Oggi le cose sono cambiate. I lettori di fumetti sono molto più attenti di una volta e gli sceneggiatori si danno da fare per evitare ogni tipo di incongruenza. In collane come Nathan Never, in cui esiste una fondamentale continuity tra gli episodi e si sviluppano saghe intricatissime dagli esiti spesso sconvolgenti, non ci si può permettere di cadere in contraddizione. Eppure, nonostante tutte le attenzioni, le incongruenze sono sempre in agguato. Persino uno sceneggiatore col pallino della filologia come Moreno Burattini (che nei suoi Cico sta riannodando i fili lasciati in sospeso da Nolitta nella biografia del pancione) non è stato esente da errori del genere. Nello Special di Zagor n. 7, "La leggenda di Wandering Fitzy", lui e Maurizio Colombo hanno rivelato che Fitzy (il "secondo padre" dello Spirito con la Scure) aveva visto fallire la propria impresa commerciale a causa di un socio inaffidabile; non hanno però tenuto conto che, in una precedente storia scritta da Marcello Toninelli, due loschi nipoti di Fitzy avevano invece informato Zagor che la società in questione era rimasta in piedi anche dopo la morte del loro zio. Nell'avventura in cui torna Liberty Sam (nn. 368-369), invece, Burattini ha fatto affermare al personaggio di essere nato in Africa, in contraddizione con quanto si legge nel n. 90 della serie, in cui Sam dice di essere nato in Louisiana. Recentemente, però, lo sceneggiatore ha dimostrato che con qualche piccolo sforzo è possibile risolvere le contraddizioni fra le avventure. Lo ha fatto con l'albetto "La vera storia di Elizabeth Gray", allegato allo Speciale Mark di quest'anno.
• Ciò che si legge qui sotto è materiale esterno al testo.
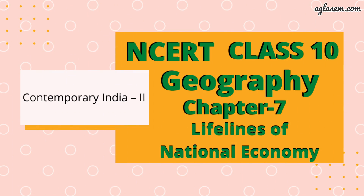Hello everyone, I hope you all are doing great. Welcome back to our channel, Aglossian Schools. Today, in this video, I will be covering chapter 7 of class 10th geography, that is lifelines of national economy. Let's discuss question and answers.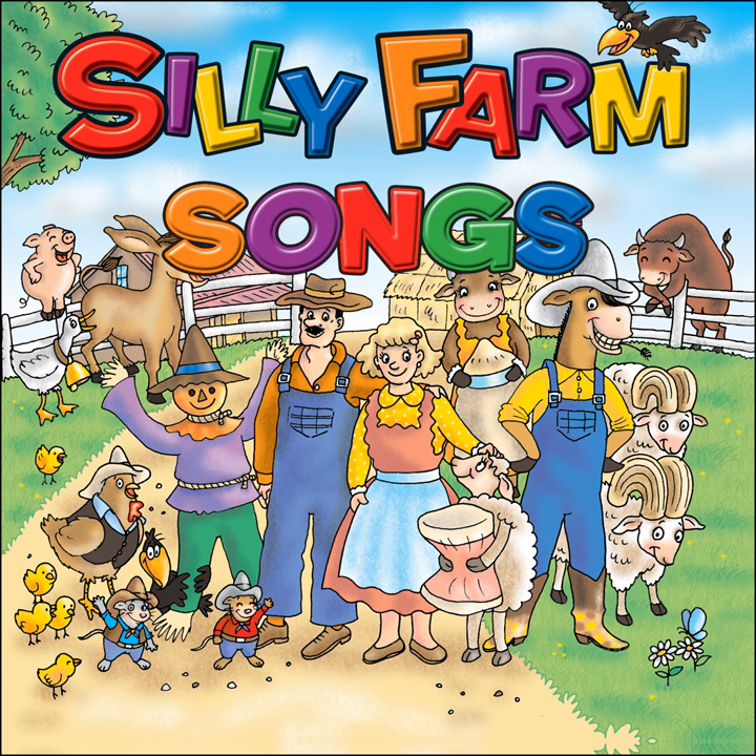There are farms on Venus where little grey men raise little orange pigs and little blue hens and little purple goats in little green pens, all tended to by the little grey men.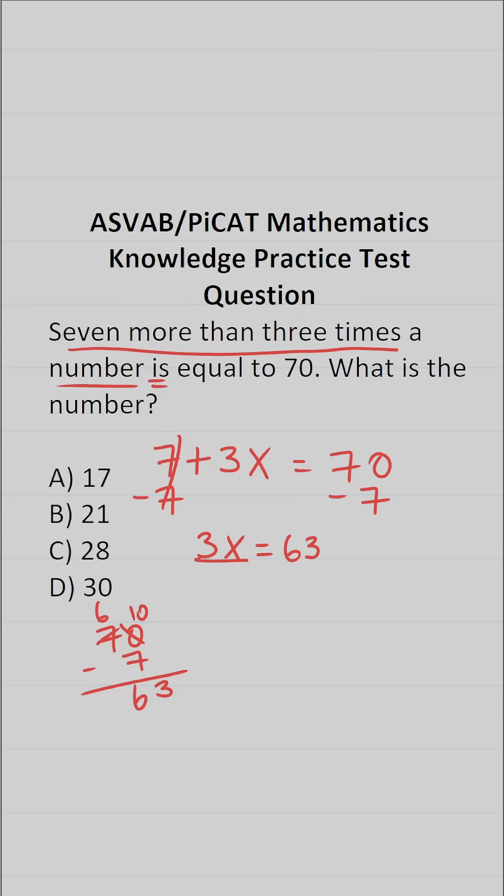Finally, to get X by itself, we're going to divide both sides of this equation by three. This gives us X equals 63 divided by three. Six divided by three is two, three divided by three is one. So our number is going to be 21.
Il Comandante Mark è uno dei personaggi bonelliani più estranei al concetto di continuity. Se si escludono i primi numeri, nella sua lunga saga ci sono stati pochissimi ritorni e due soli capisaldi: quello del centesimo numero, in cui si narrano le origini del personaggio, e quello dell'ultimo albo, in cui Mark sposa Betty alla fine della guerra d'indipendenza. Sartoris, Guzzon e Sinchetto (la mitica EsseGesse), non amavano complicarsi la vita e non desideravano complicarla al lettore costringendolo a ricordare le vecchie avventure. Dunque, si astenevano il più possibile dal concatenare fra loro le vicende. Quando ci hanno provato, hanno commesso talora delle sviste. Ad esempio, nell'avventura "Gli Ussari" (Collana Araldo n. 139), Mark torna al villaggio indiano in cui è cresciuto e rivede alcuni vecchi amici. Tuttavia, nell'albo non si trova il minimo cenno a Marmotta, il pellerossa un po' imbranato amico d'infanzia di Mark nel numero 100.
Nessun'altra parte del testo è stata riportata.